BLACK TOWNS (Social Science)

African Americans have a long history of forming separate settlements and towns in what is today the United States. More than eighty black towns and settlements were established in the United States in the nineteenth and twentieth centuries. Prior to the Civil War, most black settlements were informally organized. Brooklyn, Illinois, founded in 1830 by runaway slaves and Quakers, was an exception to this general rule. Most black towns were formed after the Civil War and could be found all over the United States from Eatonville, Florida, to Allensworth, California. However, most of these towns were established in the Midwest and Southwest between the end of Reconstruction and World War I. During this period, often referred to as the "nadir" of African American history, many black southerners lost hope that their rights and freedoms would ever be protected in white-dominated communities. Some African Americans contemplated emigrating from the United States to escape the violence, racism, and discrimination they were forced to endure, but others attempted to form separate enclaves within the United States. Although these towns were usually very small, their citizens owned property, governed themselves, educated their children, and ran their own farms and businesses. Like other small towns, over the years black towns often struggled to remain economically viable. Most black towns lasted only a few decades, but a few continue to survive today.

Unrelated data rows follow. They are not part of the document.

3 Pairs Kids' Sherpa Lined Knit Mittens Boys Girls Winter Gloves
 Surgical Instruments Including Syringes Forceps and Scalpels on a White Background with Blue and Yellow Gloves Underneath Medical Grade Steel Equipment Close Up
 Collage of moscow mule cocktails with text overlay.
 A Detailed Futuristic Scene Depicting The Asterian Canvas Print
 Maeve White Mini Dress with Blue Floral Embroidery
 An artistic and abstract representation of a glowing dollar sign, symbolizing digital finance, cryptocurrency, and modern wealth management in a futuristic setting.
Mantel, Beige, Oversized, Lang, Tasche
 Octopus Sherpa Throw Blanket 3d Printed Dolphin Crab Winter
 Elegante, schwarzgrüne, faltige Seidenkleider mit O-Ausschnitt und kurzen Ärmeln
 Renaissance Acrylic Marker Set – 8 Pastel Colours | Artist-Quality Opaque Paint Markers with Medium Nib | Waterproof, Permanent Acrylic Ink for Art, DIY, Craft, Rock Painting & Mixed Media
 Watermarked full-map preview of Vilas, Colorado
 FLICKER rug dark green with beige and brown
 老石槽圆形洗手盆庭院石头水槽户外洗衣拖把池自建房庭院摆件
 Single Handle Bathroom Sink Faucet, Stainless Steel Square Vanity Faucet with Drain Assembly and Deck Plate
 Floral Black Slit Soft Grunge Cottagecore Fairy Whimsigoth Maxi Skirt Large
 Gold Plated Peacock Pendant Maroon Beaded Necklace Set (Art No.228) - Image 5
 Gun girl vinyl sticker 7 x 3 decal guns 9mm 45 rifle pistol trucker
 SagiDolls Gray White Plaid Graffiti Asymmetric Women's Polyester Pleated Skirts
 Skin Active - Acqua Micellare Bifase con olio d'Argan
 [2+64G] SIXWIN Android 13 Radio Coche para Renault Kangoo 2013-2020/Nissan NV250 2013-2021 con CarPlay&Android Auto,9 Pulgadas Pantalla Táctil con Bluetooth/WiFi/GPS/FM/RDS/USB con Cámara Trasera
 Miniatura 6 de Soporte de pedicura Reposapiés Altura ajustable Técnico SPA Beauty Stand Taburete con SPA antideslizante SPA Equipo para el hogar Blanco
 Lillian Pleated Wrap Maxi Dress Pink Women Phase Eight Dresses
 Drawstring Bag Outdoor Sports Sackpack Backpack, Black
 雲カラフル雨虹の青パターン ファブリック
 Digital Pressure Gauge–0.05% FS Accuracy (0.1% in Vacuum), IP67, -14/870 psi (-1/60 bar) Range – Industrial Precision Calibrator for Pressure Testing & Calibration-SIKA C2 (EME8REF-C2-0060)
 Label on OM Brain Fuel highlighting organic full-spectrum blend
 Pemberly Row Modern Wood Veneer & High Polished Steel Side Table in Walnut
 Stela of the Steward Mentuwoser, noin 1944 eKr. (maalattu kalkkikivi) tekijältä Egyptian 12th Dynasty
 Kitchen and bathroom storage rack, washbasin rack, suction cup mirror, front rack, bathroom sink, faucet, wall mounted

Two of the oldest and longest surviving black towns in the South were Eatonville, Florida, and Mound Bayou, Mississippi. Founded in 1886 and incorporated in 1887, Eatonville was the beloved childhood home of Zora Neale Hurston. Mound Bayou was founded in 1887 by Isaiah T. Montgomery but has its roots in an antebellum slave community known as Davis Bend. Booker T. Washington was a strong supporter of Mound Bayou. Although their development and growth were curtailed by racism and limited economic opportunities, both Eatonville and Mound Bayou continue to function today.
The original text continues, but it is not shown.